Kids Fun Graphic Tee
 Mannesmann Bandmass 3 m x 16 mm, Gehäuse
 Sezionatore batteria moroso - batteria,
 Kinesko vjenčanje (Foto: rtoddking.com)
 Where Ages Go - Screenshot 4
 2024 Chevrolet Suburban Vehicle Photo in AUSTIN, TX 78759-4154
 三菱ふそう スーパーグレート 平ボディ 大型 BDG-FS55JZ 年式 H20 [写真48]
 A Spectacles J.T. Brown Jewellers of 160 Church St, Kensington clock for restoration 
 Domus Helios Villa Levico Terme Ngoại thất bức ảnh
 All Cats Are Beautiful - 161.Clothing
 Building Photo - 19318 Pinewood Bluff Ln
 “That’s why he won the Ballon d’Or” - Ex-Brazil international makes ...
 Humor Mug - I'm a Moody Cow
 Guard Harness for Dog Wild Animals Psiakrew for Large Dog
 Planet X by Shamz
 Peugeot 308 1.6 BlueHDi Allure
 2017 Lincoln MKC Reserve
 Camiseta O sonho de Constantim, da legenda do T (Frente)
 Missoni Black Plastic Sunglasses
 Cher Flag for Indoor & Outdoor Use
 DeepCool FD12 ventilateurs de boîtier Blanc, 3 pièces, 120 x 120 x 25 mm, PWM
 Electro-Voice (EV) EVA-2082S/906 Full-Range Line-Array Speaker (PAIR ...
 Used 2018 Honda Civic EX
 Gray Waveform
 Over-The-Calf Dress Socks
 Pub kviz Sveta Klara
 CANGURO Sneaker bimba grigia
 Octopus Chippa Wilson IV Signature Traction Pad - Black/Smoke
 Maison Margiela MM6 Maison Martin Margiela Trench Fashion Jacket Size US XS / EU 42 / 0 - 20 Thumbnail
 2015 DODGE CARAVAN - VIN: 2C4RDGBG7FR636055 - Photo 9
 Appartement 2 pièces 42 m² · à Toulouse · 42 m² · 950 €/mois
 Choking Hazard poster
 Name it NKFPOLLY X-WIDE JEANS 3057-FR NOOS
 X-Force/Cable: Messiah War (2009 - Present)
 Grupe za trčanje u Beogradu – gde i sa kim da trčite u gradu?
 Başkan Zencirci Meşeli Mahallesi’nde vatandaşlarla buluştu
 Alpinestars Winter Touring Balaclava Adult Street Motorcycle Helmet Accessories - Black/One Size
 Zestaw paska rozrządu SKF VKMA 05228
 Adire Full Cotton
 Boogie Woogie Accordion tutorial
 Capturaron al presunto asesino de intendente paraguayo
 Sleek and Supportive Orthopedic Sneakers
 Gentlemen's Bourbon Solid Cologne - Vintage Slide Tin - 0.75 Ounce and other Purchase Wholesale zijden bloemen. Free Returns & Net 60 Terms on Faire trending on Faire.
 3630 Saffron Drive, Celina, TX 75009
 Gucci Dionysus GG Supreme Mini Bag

-------

_INSTRUCTIONS FOR THE TASK_. From the first line to the last, copy the data exactly.

_REPLY_.
Kids Fun Graphic Tee
 Mannesmann Bandmass 3 m x 16 mm, Gehäuse
 Sezionatore batteria moroso - batteria,
 Kinesko vjenčanje (Foto: rtoddking.com)
 Where Ages Go - Screenshot 4
 2024 Chevrolet Suburban Vehicle Photo in AUSTIN, TX 78759-4154
 三菱ふそう スーパーグレート 平ボディ 大型 BDG-FS55JZ 年式 H20 [写真48]
 A Spectacles J.T. Brown Jewellers of 160 Church St, Kensington clock for restoration 
 Domus Helios Villa Levico Terme Ngoại thất bức ảnh
 All Cats Are Beautiful - 161.Clothing
 Building Photo - 19318 Pinewood Bluff Ln
 “That’s why he won the Ballon d’Or” - Ex-Brazil international makes ...
 Humor Mug - I'm a Moody Cow
 Guard Harness for Dog Wild Animals Psiakrew for Large Dog
 Planet X by Shamz
 Peugeot 308 1.6 BlueHDi Allure
 2017 Lincoln MKC Reserve
 Camiseta O sonho de Constantim, da legenda do T (Frente)
 Missoni Black Plastic Sunglasses
 Cher Flag for Indoor & Outdoor Use
 DeepCool FD12 ventilateurs de boîtier Blanc, 3 pièces, 120 x 120 x 25 mm, PWM
 Electro-Voice (EV) EVA-2082S/906 Full-Range Line-Array Speaker (PAIR ...
 Used 2018 Honda Civic EX
 Gray Waveform
 Over-The-Calf Dress Socks
 Pub kviz Sveta Klara
 CANGURO Sneaker bimba grigia
 Octopus Chippa Wilson IV Signature Traction Pad - Black/Smoke
 Maison Margiela MM6 Maison Martin Margiela Trench Fashion Jacket Size US XS / EU 42 / 0 - 20 Thumbnail
 2015 DODGE CARAVAN - VIN: 2C4RDGBG7FR636055 - Photo 9
 Appartement 2 pièces 42 m² · à Toulouse · 42 m² · 950 €/mois
 Choking Hazard poster
 Name it NKFPOLLY X-WIDE JEANS 3057-FR NOOS
 X-Force/Cable: Messiah War (2009 - Present)
 Grupe za trčanje u Beogradu – gde i sa kim da trčite u gradu?
 Başkan Zencirci Meşeli Mahallesi’nde vatandaşlarla buluştu
 Alpinestars Winter Touring Balaclava Adult Street Motorcycle Helmet Accessories - Black/One Size
 Zestaw paska rozrządu SKF VKMA 05228
 Adire Full Cotton
 Boogie Woogie Accordion tutorial
 Capturaron al presunto asesino de intendente paraguayo
 Sleek and Supportive Orthopedic Sneakers
 Gentlemen's Bourbon Solid Cologne - Vintage Slide Tin - 0.75 Ounce and other Purchase Wholesale zijden bloemen. Free Returns & Net 60 Terms on Faire trending on Faire.
 3630 Saffron Drive, Celina, TX 75009
 Gucci Dionysus GG Supreme Mini Bag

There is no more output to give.